Task objective:
Output the full listing below exactly, without the pictures.

Source material:
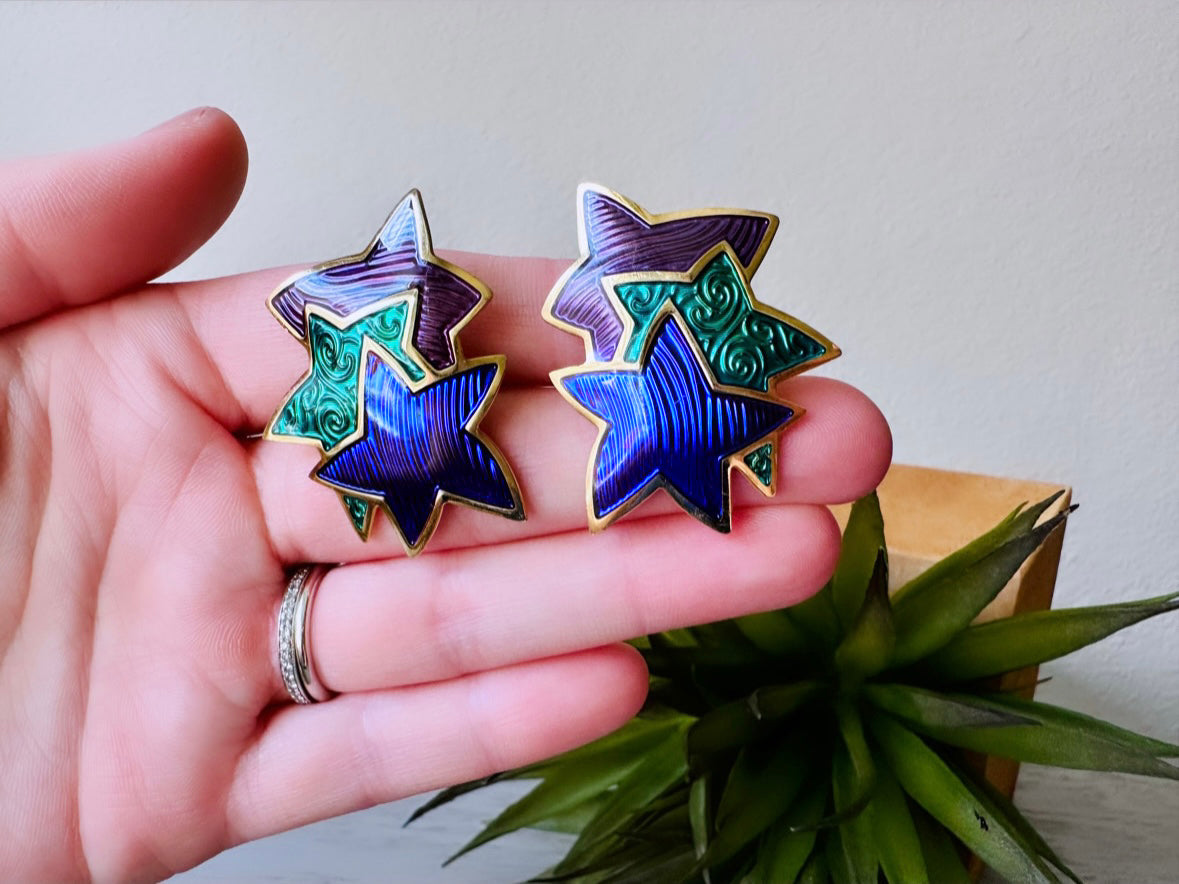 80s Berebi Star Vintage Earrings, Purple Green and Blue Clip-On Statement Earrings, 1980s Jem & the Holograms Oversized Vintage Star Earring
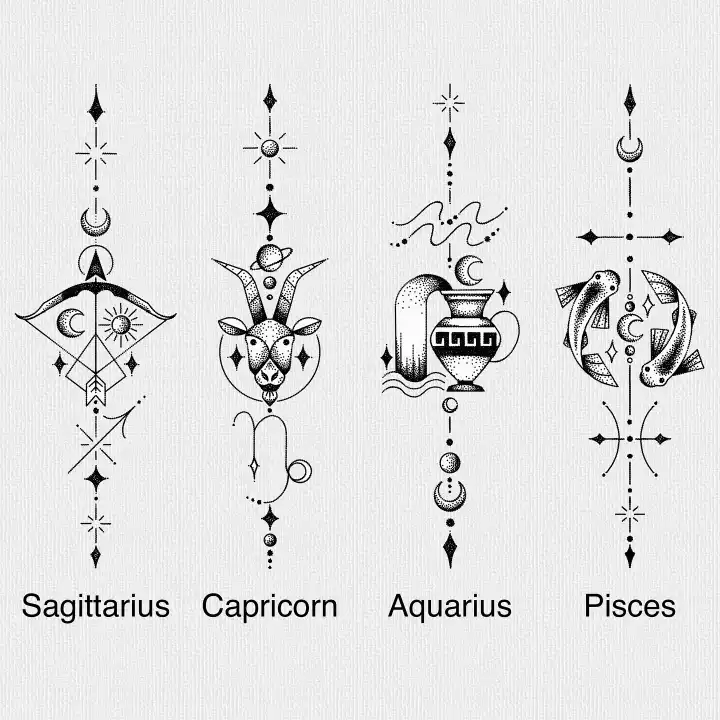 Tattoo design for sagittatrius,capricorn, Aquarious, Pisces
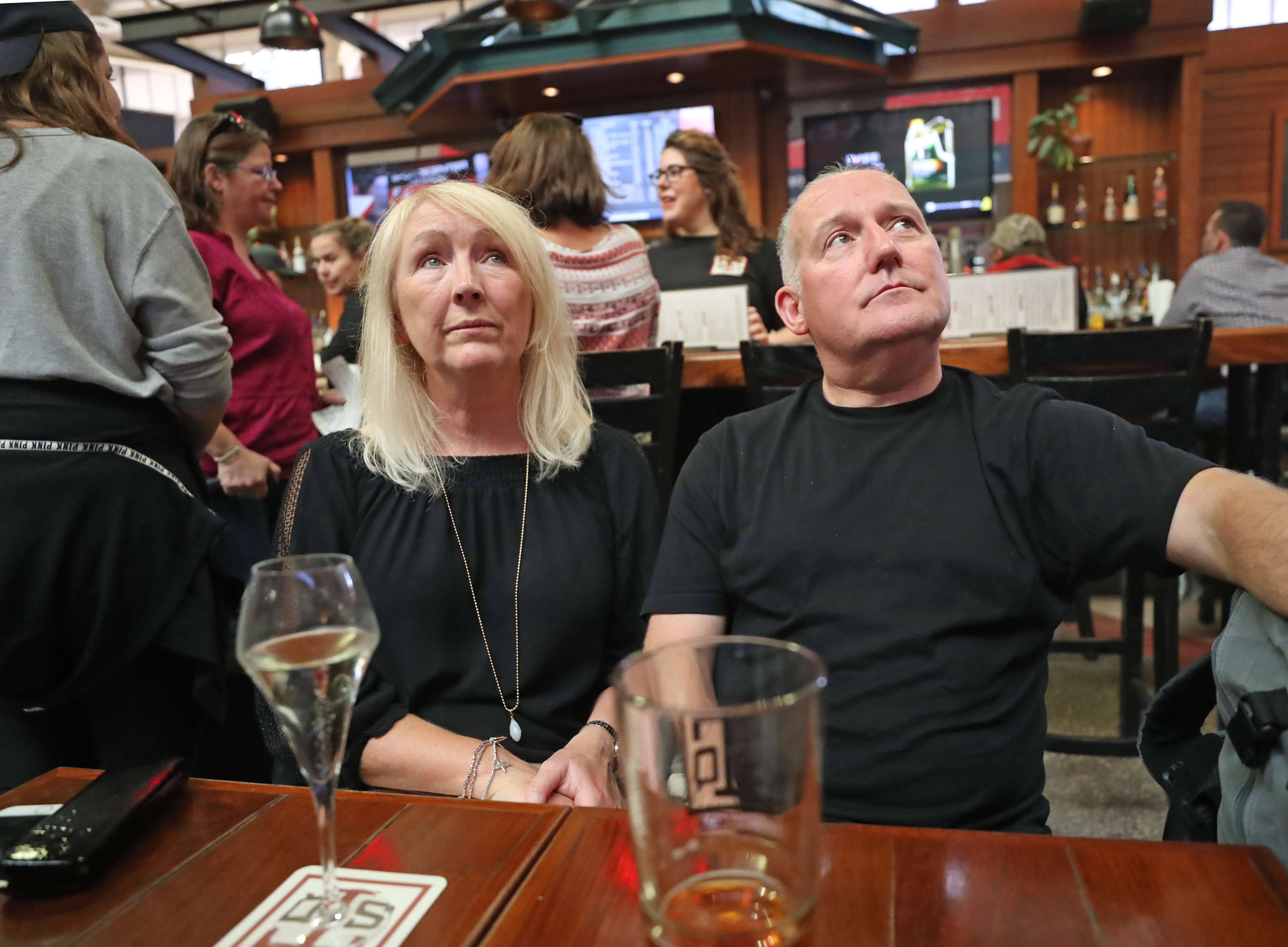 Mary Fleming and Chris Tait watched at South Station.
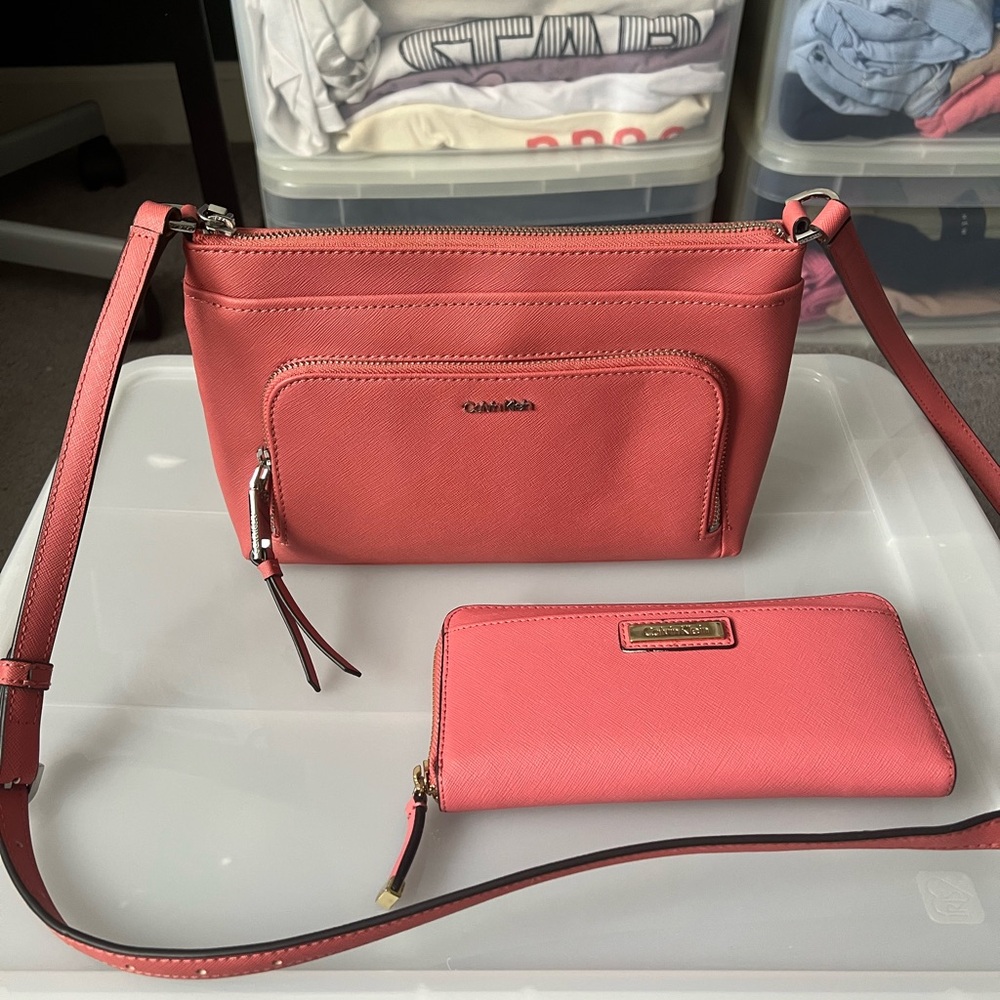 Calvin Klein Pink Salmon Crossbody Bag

Solution for this exercise:
 80s Berebi Star Vintage Earrings, Purple Green and Blue Clip-On Statement Earrings, 1980s Jem & the Holograms Oversized Vintage Star Earring
 Tattoo design for sagittatrius,capricorn, Aquarious, Pisces
 Mary Fleming and Chris Tait watched at South Station.
 Calvin Klein Pink Salmon Crossbody Bag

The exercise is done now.